What is needed is an exact reproduction of the lines from the one that contains "SAFLAX - Geschenk" through the end of the data, both included and nothing else, with pictures omitted.
——————
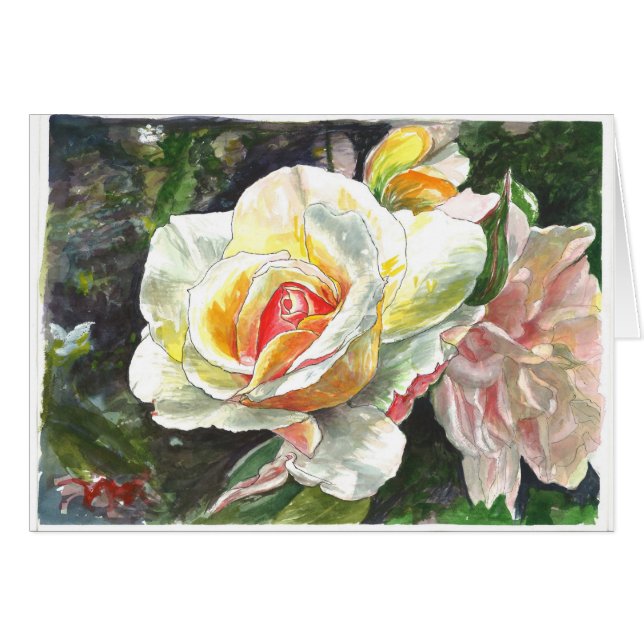 Close-up of Roses (Front Horizontal)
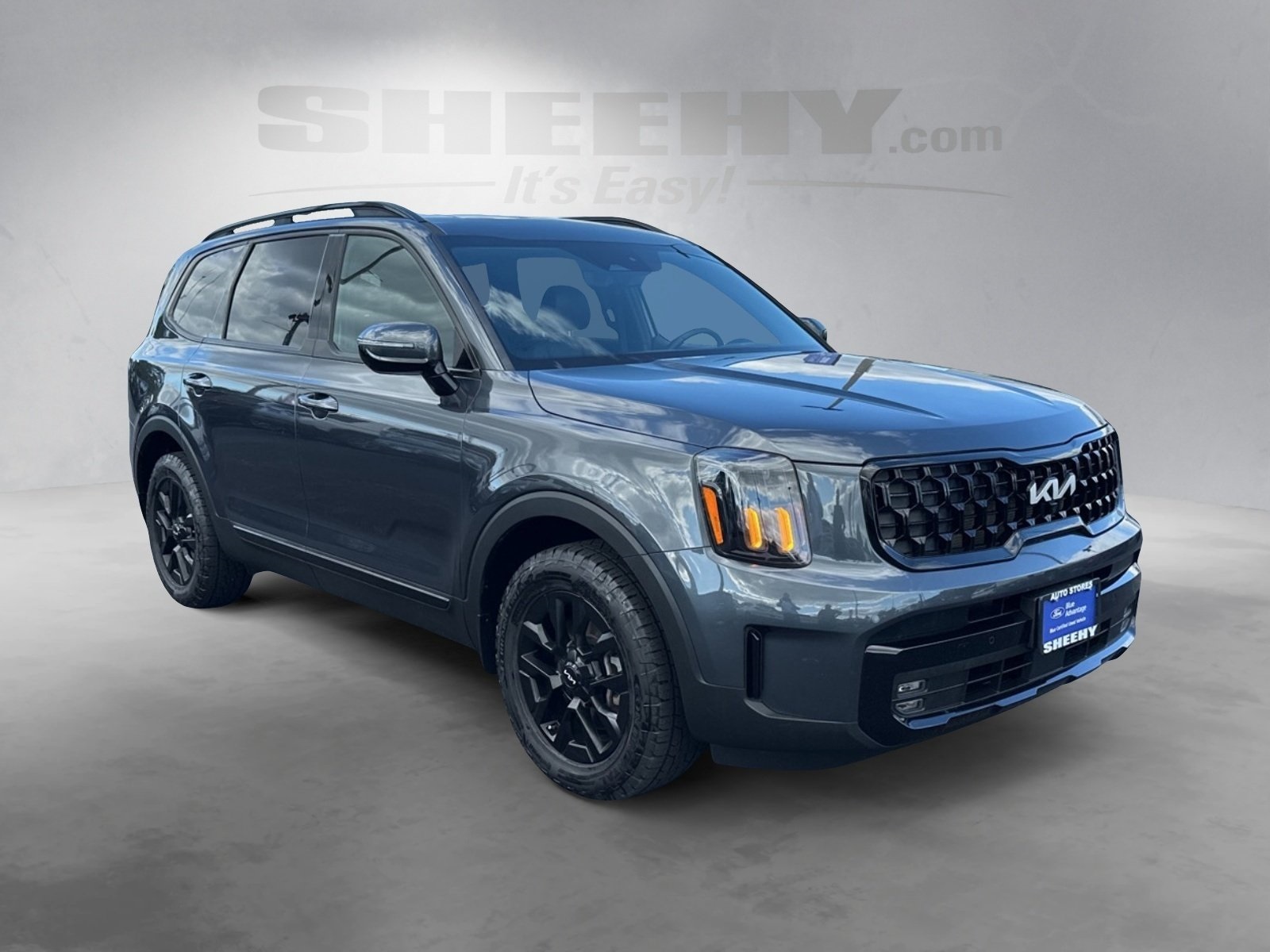 2024 Kia Telluride SX X-Pro photo 2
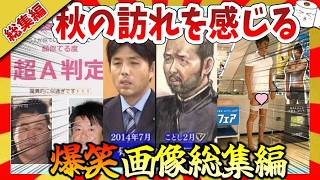 【🔥爆笑：総集編】サンマの美味しい季節は面白画像＆映像集！ガルちゃんまとめ/2ch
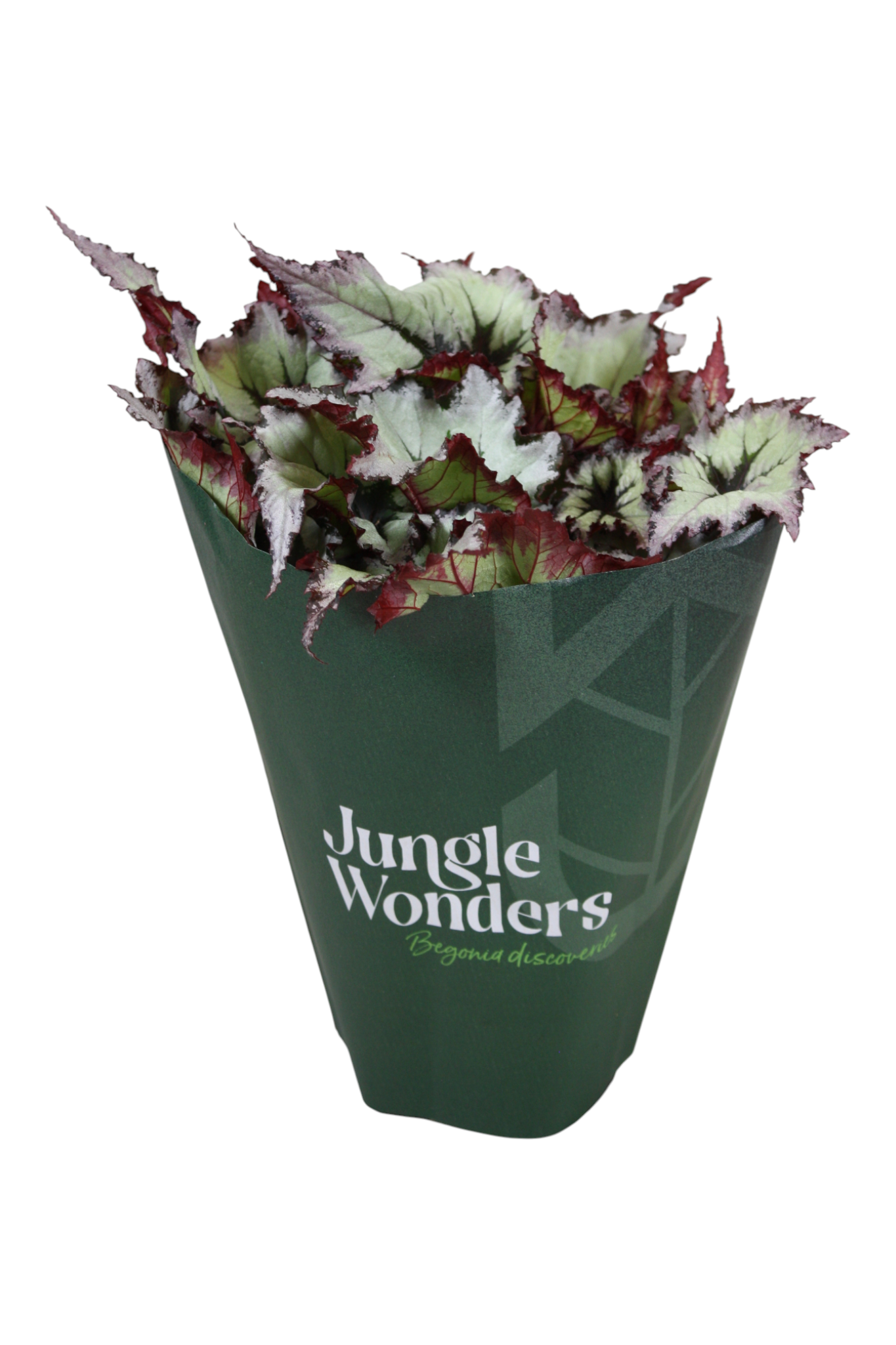 Begonia Beleaf Nordic Glacier 30cm 15cm Pot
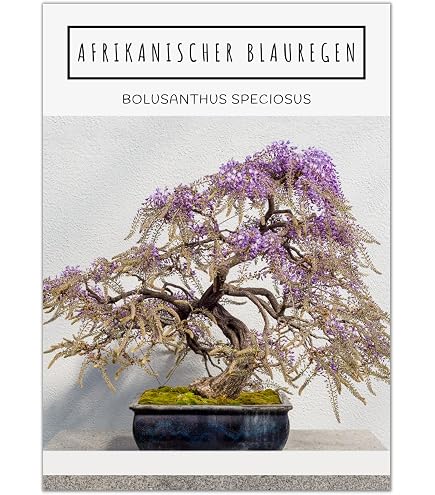 SAFLAX - Geschenk Set - Bonsai - Mittelmeer-Pinie - 6 Samen - Mit Geschenk-  / Versandbox, Versandaufkleber, Geschenkkarte und Anzuchtsubstrat - Pinus  pinea : Amazon.de: Garten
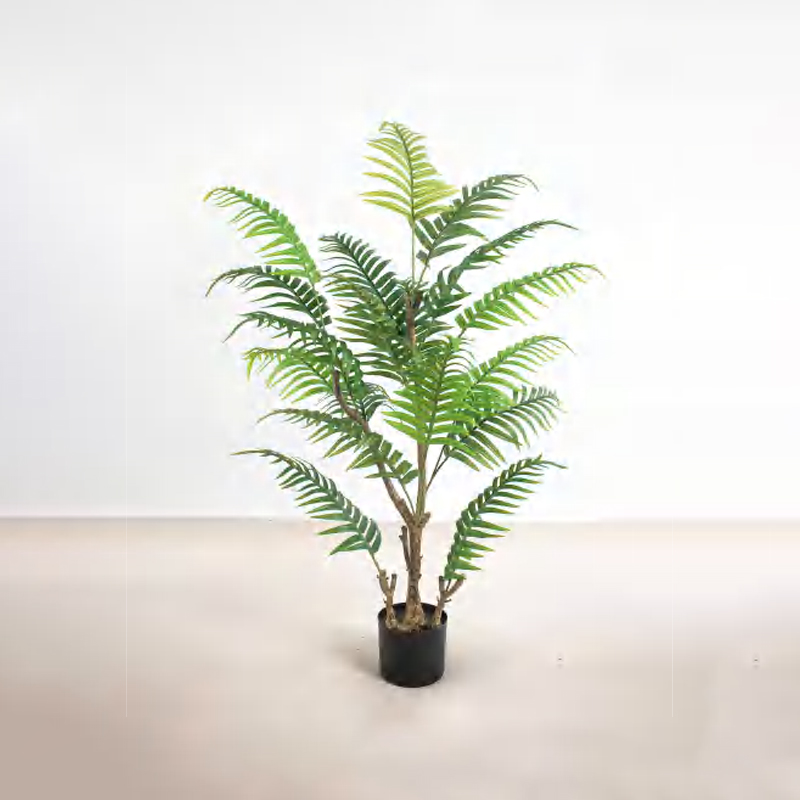 Caryota ochlandra A
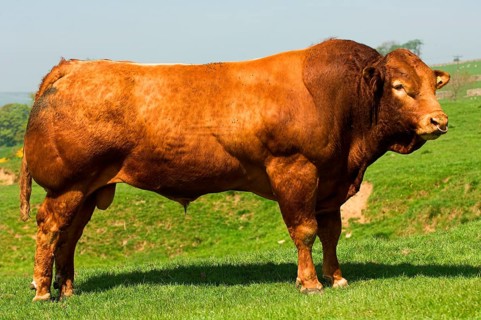 Domestic Cattle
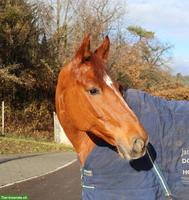 Reitbeteiligung für Freiberger in Lausen BL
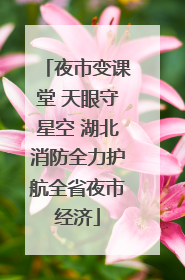 夜市变课堂 天眼守星空 湖北消防全力护航全省夜市经济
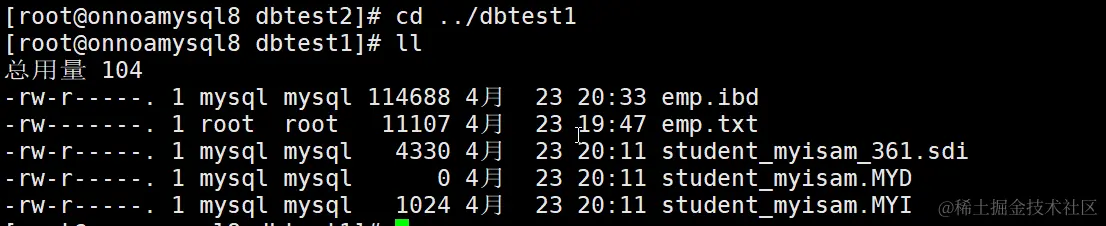 image-20240423204808232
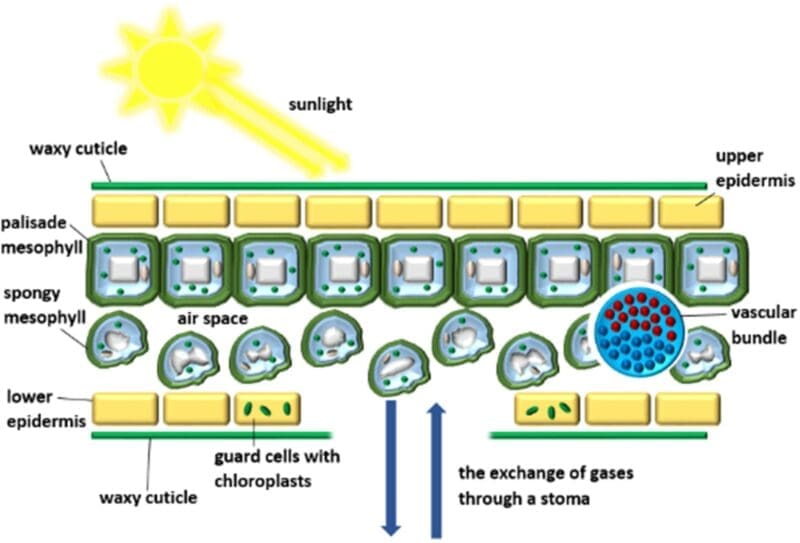 exchange of gases through stomata exchange of gases through stomata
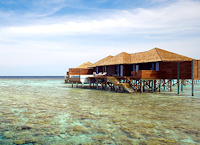 Lily Beach Resort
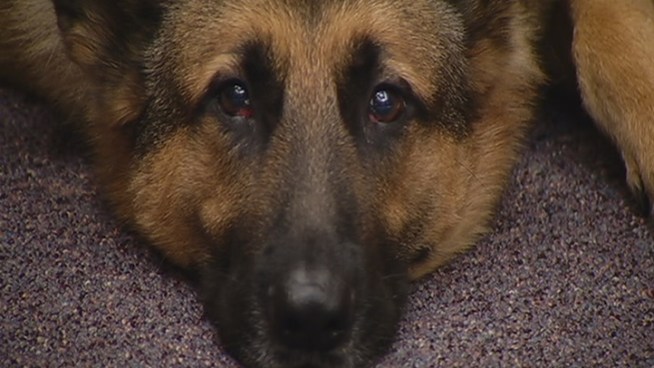 Military dogs are listed as equipment with the DOD. Legislators are working to change that.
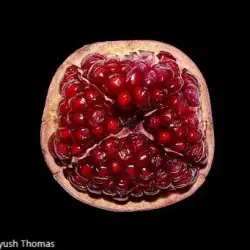 Pomegranate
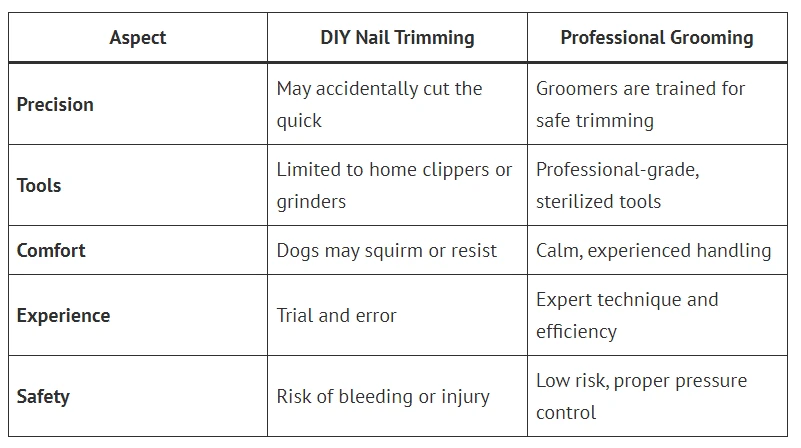 How Often Should You Schedule Dog Nail Trimming in Dunedin?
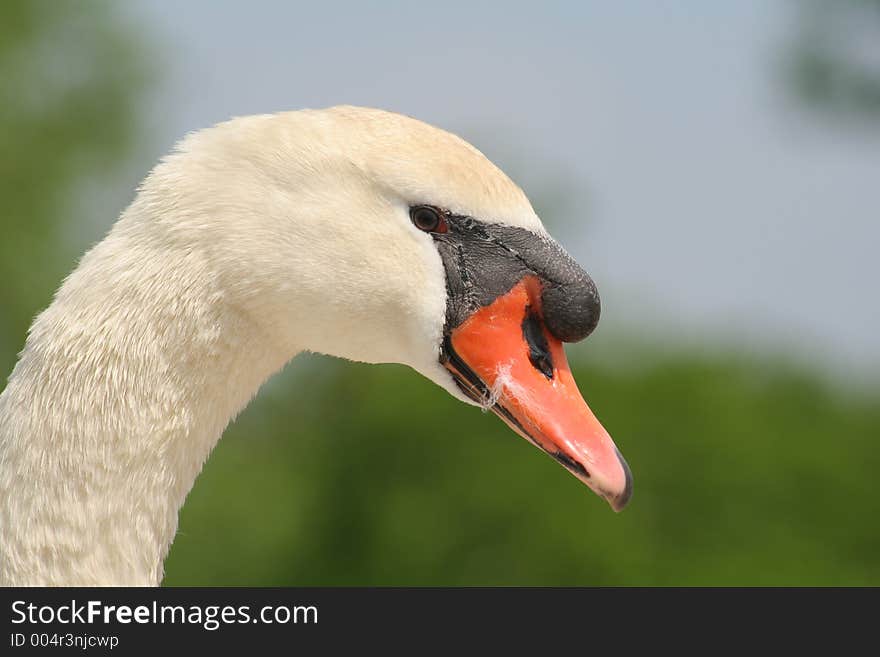 Swans Head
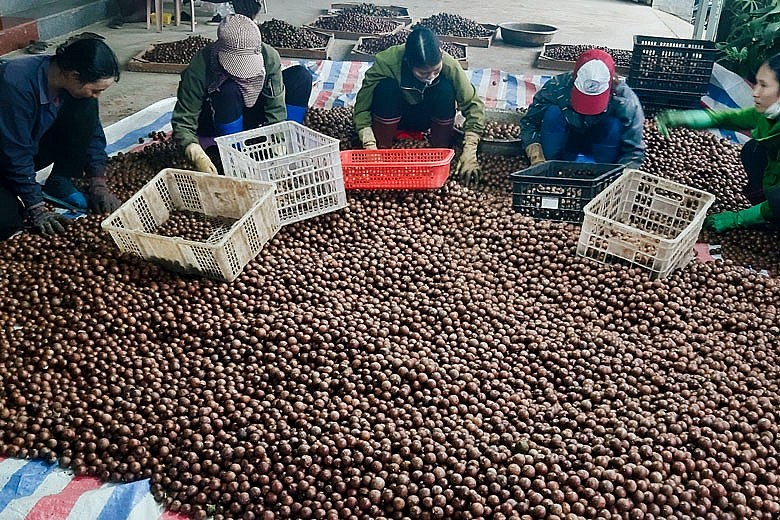 Cây mắc ca có giá trị kinh tế cao, mang lại nhiều lợi ích kinh tế cho người trồng Cây mắc ca có giá trị kinh tế cao, mang lại nhiều lợi ích kinh tế cho người trồng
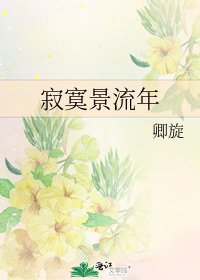 寂寞景流年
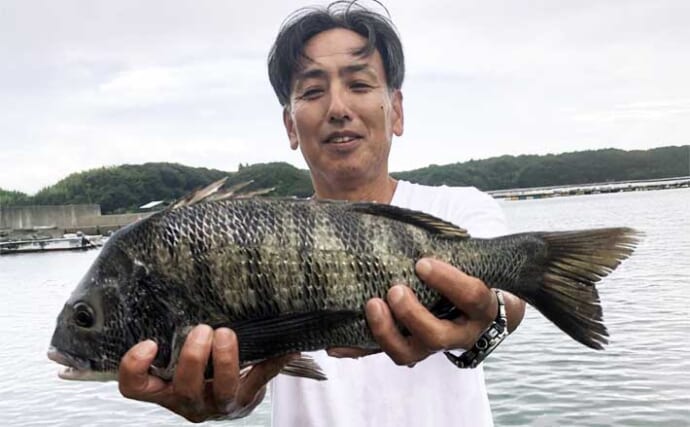 【カカリ釣り釣果速報】年無し53cmキャッチ！クロダイは釣る人31匹と数釣りも好調（三重）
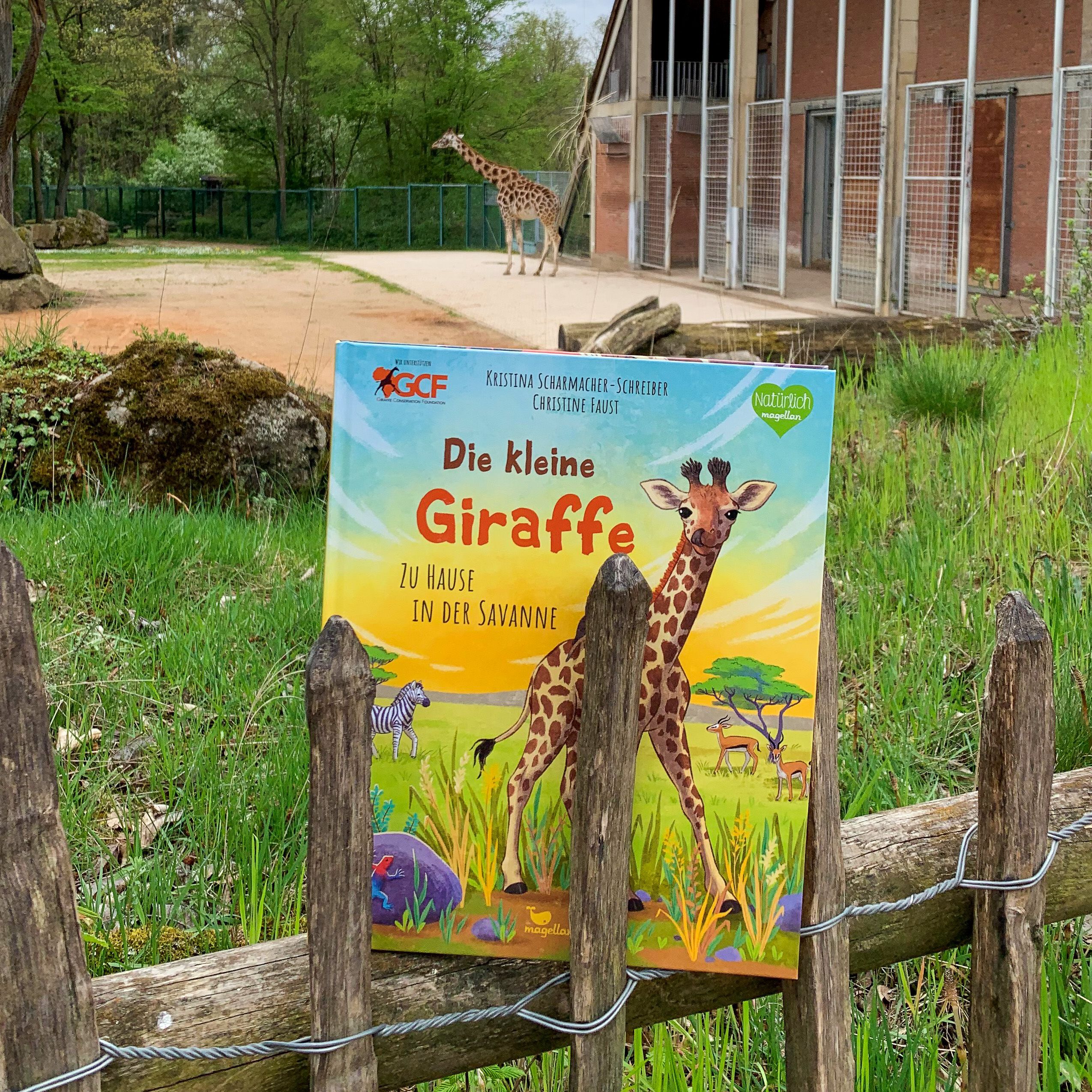 Die kleine Giraffe - Zu Hause in der Savanne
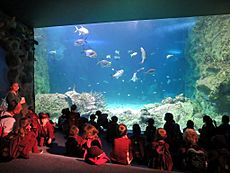 Sydney Sea Life Aquarium (32423380775)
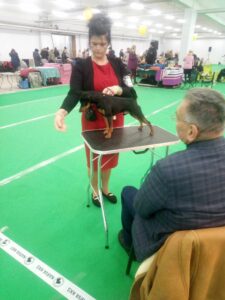 490475635 9548075405247569 1138791400987441054 n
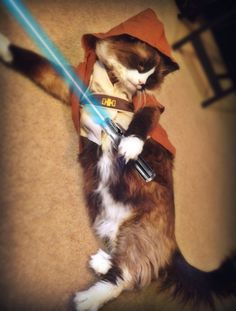 https://www.pinterest.com/thefellowship01/jedi-cat/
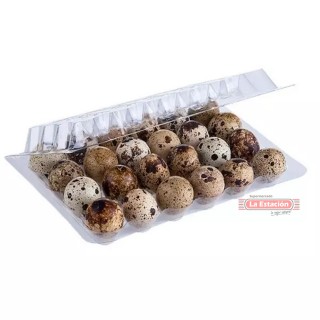 HUEVO DE CODORNIZ DISPLAY X...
——————
> _ANSWER BOX_:
 SAFLAX - Geschenk Set - Bonsai - Mittelmeer-Pinie - 6 Samen - Mit Geschenk-  / Versandbox, Versandaufkleber, Geschenkkarte und Anzuchtsubstrat - Pinus  pinea : Amazon.de: Garten
 Caryota ochlandra A
 Domestic Cattle
 Reitbeteiligung für Freiberger in Lausen BL
 夜市变课堂 天眼守星空 湖北消防全力护航全省夜市经济
 image-20240423204808232
 exchange of gases through stomata exchange of gases through stomata
 Lily Beach Resort
 Military dogs are listed as equipment with the DOD. Legislators are working to change that.
 Pomegranate
 How Often Should You Schedule Dog Nail Trimming in Dunedin?
 Swans Head
 Cây mắc ca có giá trị kinh tế cao, mang lại nhiều lợi ích kinh tế cho người trồng Cây mắc ca có giá trị kinh tế cao, mang lại nhiều lợi ích kinh tế cho người trồng
 寂寞景流年
 【カカリ釣り釣果速報】年無し53cmキャッチ！クロダイは釣る人31匹と数釣りも好調（三重）
 Die kleine Giraffe - Zu Hause in der Savanne
 Sydney Sea Life Aquarium (32423380775)
 490475635 9548075405247569 1138791400987441054 n
 https://www.pinterest.com/thefellowship01/jedi-cat/
 HUEVO DE CODORNIZ DISPLAY X...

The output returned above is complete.